Add LaunchDarkly flag consistency check#36953
Conversation
Add a nightly CI check that verifies every synchronized Materialize system parameter (system variables, dyncfgs and feature flags returned by `SystemVars::iter_synced()`) has a corresponding flag in LaunchDarkly, and warns about LaunchDarkly flags that are no longer synchronized parameters. The set of Materialize parameters is collected by booting `materialized` and running `SHOW ALL` as `mz_system`, filtering out per-session variables and the `enable_launchdarkly` kill switch. To avoid warning about flags a deployed older version still relies on, the stale-flag check also considers the last published release (best effort). Throwaway `ci-test` flags are ignored. A parameter missing from LaunchDarkly fails the build; a stale flag only warns.

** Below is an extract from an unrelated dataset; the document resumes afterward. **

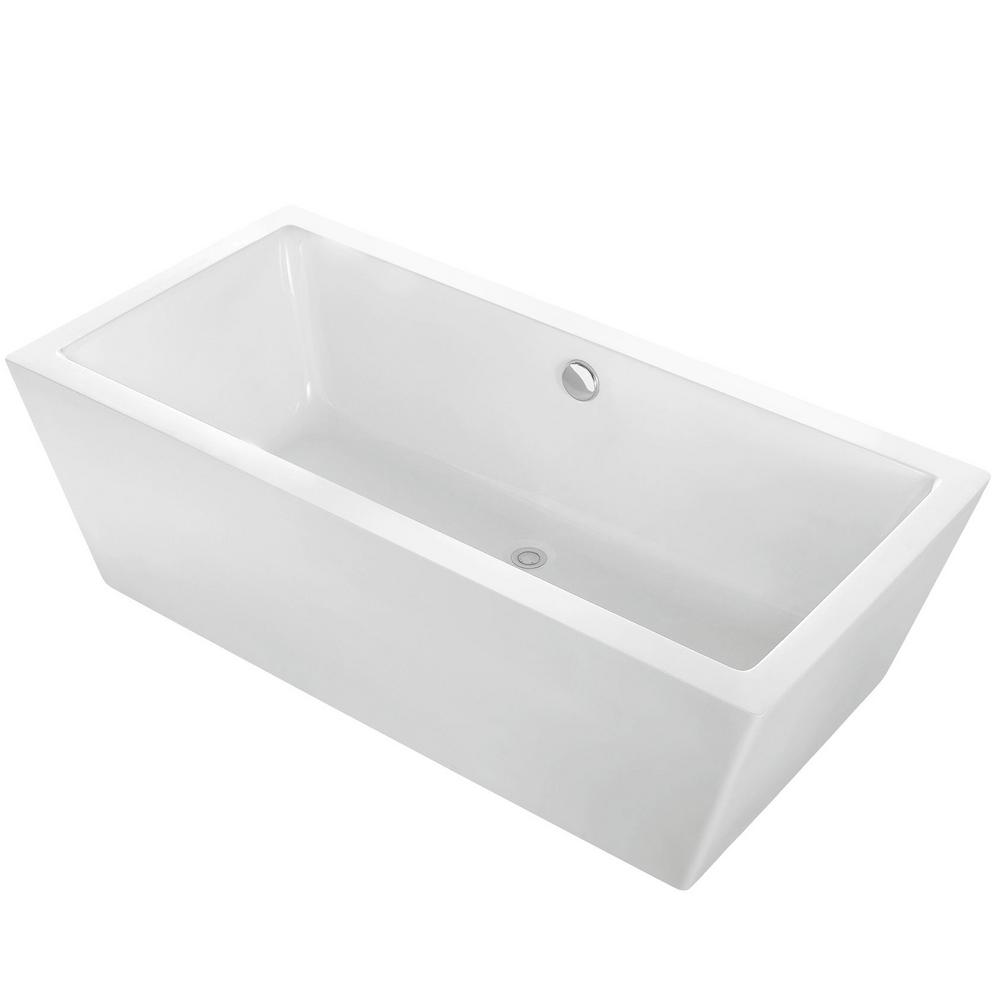 Freestanding Bathtubs - Bathtubs - The Home Depot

In addition to detecting parameters missing from LaunchDarkly and stale LaunchDarkly flags, also warn when a flag exists in both but the value LaunchDarkly serves by default diverges from Materialize's compiled-in default. To compare defaults, the synchronized parameters are now collected with their values from `SHOW ALL`, and the LaunchDarkly flags are fetched with full per-environment targeting so the served default (off variation, or fallthrough when targeting is on) can be determined. Comparison is conservative: ambiguous cases (e.g. a value with a unit vs a raw number, or a percentage rollout) are skipped rather than warned on. Pagination now follows the reported total count.
Many synchronized parameters legitimately have no LaunchDarkly flag (they ride their compiled-in default), so run the check with --no-fail for now: the missing-flag condition only warns until the backlog is triaged. Check default divergence against multiple environments (production and staging by default, configurable via LAUNCHDARKLY_ENVIRONMENTS). Flag existence is project-level so the missing/stale checks are environment-independent; only the served default can differ per environment, so divergence is reported per environment.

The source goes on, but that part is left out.